Ron Kovic, a paralyzed Vietnam veteran and anti-war activist who led a peaceful march the day before, hurried to the scene in his wheelchair from his downtown hotel after he heard about the confrontation.

"We must remain nonviolent. We must have the high moral ground," he told the crowd.

"There's a powerful police presence here. The chill of 1968 is in the air of Denver," said Kovic, whose story was chronicled in the book and movie "Born on the Fourth of July."

Earlier Monday, protesters chanting "Stop the torture, stop the war" marched from Civic Center Park to the federal courthouse complex.

Some wore jail-style orange jumpsuits and black hoods, like inmates at the infamous Abu Graib prison in Iraq.

At the courthouse complex, the crowd heard a recording by former Black Panther Mumia Abu-Jamal, imprisoned in the killing of a police officer 27 years ago in Philadelphia. Activists in the U.S. and Europe have rallied in Abu-Jamal's support, saying he is the victim of a racist criminal justice system.

"Here, democracy is on life support," Abu-Jamal said on the recording.

Elsewhere, about a half dozen men holding signs opposing homosexuality attracted a steady stream of people who wanted to argue on the pedestrian mall.
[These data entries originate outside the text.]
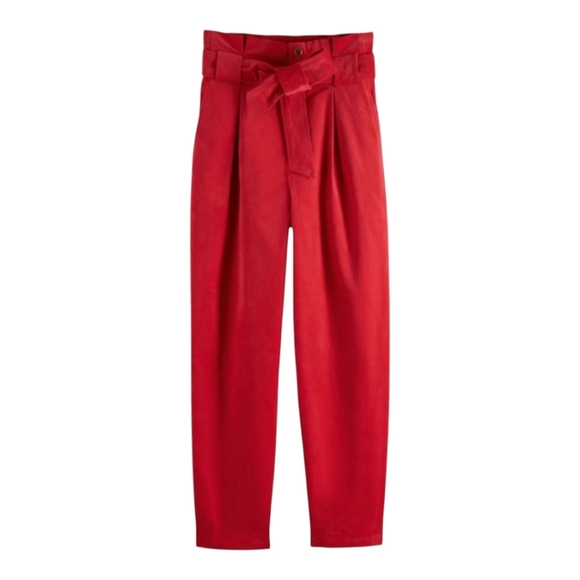 Anthropologie Scotch & Soda Daisy High Rise Straight Leg Paper Bag Red Pants Lg - Picture 1 of 11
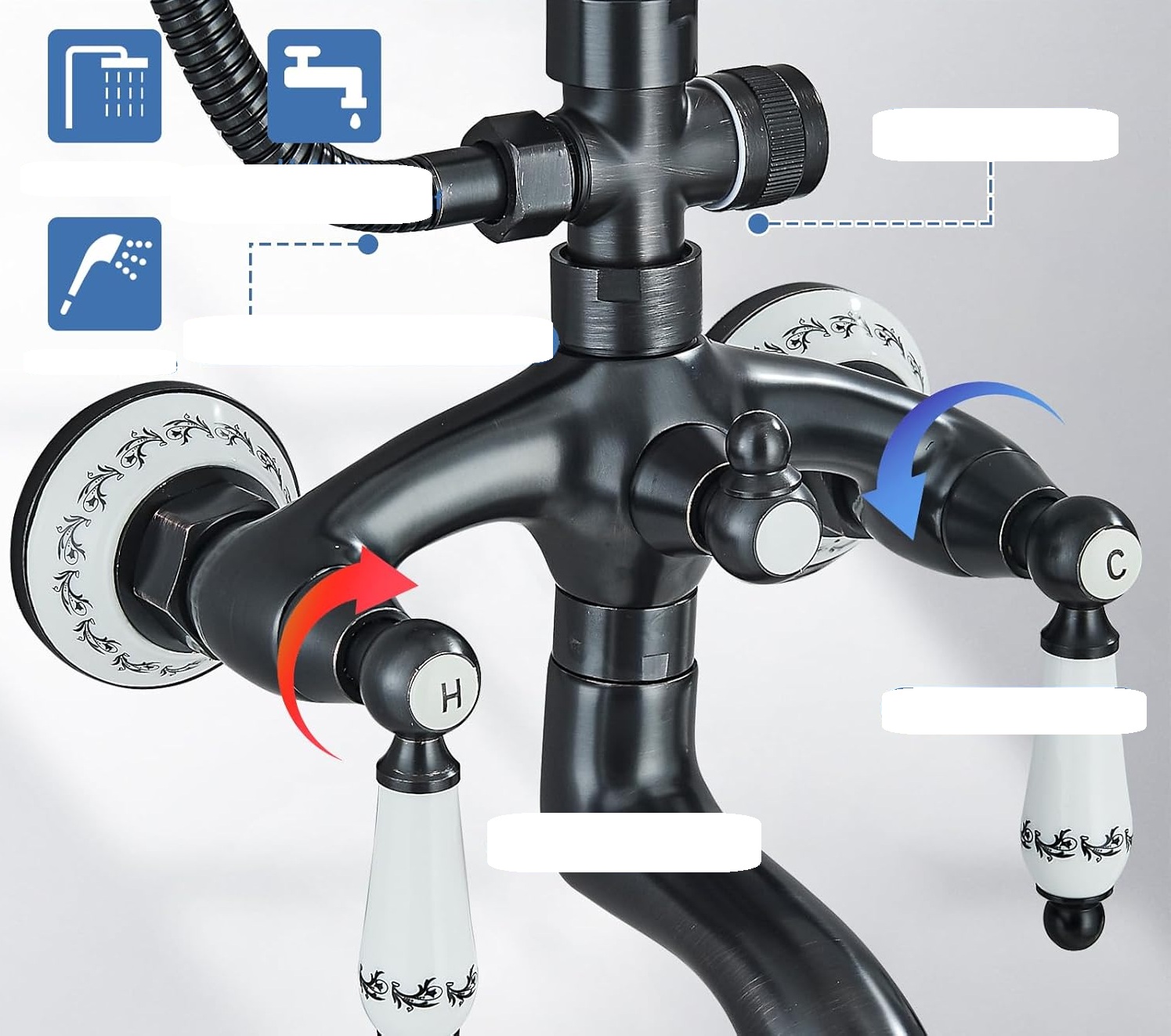 System prysznicowy Sugu czarny z ruchomym ramieniem i wężem 150 cm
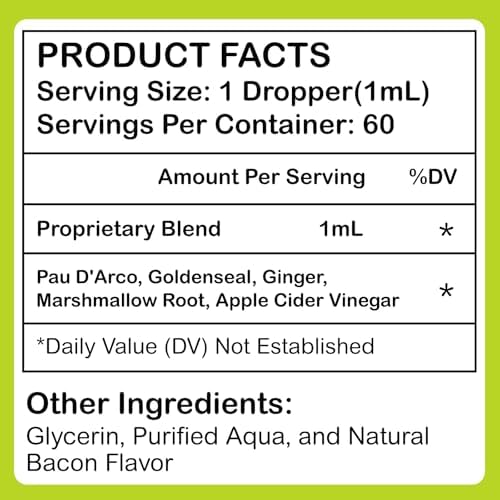 Yeast Infection Treatment for Dogs, 60ml Dog Ear Infection Treatment,Itchy Ear,Skin&Allergy Symptoms Relief-Reduces Inflammation&Relieves Irritation,Dog Supplement Drops with Multivitamins Probiotics
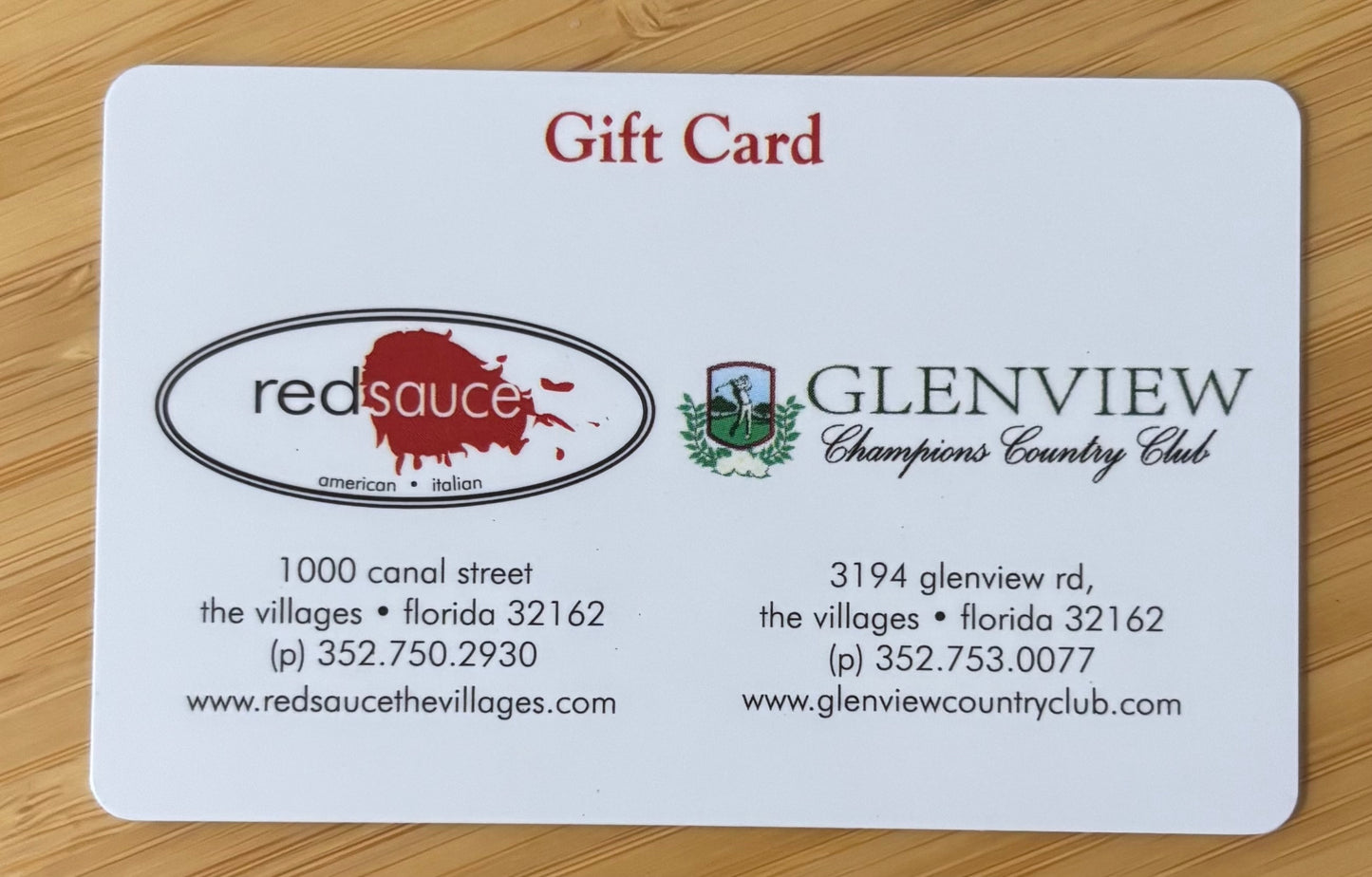 Red Sauce The Village and Glenview Champions Country Club Gift Card Discounted 50%!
The demonstrators were surrounded by police and bystanders, some snapping photos, temporarily blocking shuttle buses from passing.

Denver police said one man was arrested for keeping police away from another man they wanted to question. Police spokesman Sonny Jackson said the second man, who got away, had a bottle with a liquid inside that raised their suspicions.

At least eight other people were arrested across the city on Monday, including five detained about a mile southeast of the state Capitol. Four faced charges of disobeying a lawful order, two faced a trespassing charge and two faced false information charges.

A small group of protesters marched to the demonstration zone outside the Pepsi Center, where the convention will be held, complaining they are being treated like inmates.

Protesters derisively call the 47,000-square foot zone the "Freedom Cage." It's separated from the parking lot around the convention hall by metal fences atop concrete barriers.

They complained it's too far from the Pepsi Center entrance, but Secret Service spokesman Malcolm Wiley said it meets the legal requirement to be within sight and sound of the delegates.

"We're being treated by the city of Denver and the Secret Service like political prisoners, like pariahs," said Mark Cohen, an organizer of the Recreate 68 Alliance, a protest group.

A signup sheet for speakers at the protest zone had a number of fake signatures and comments such as, "J. Stalin -- This is awesome" and "G. Washington -- You can't cage freedom."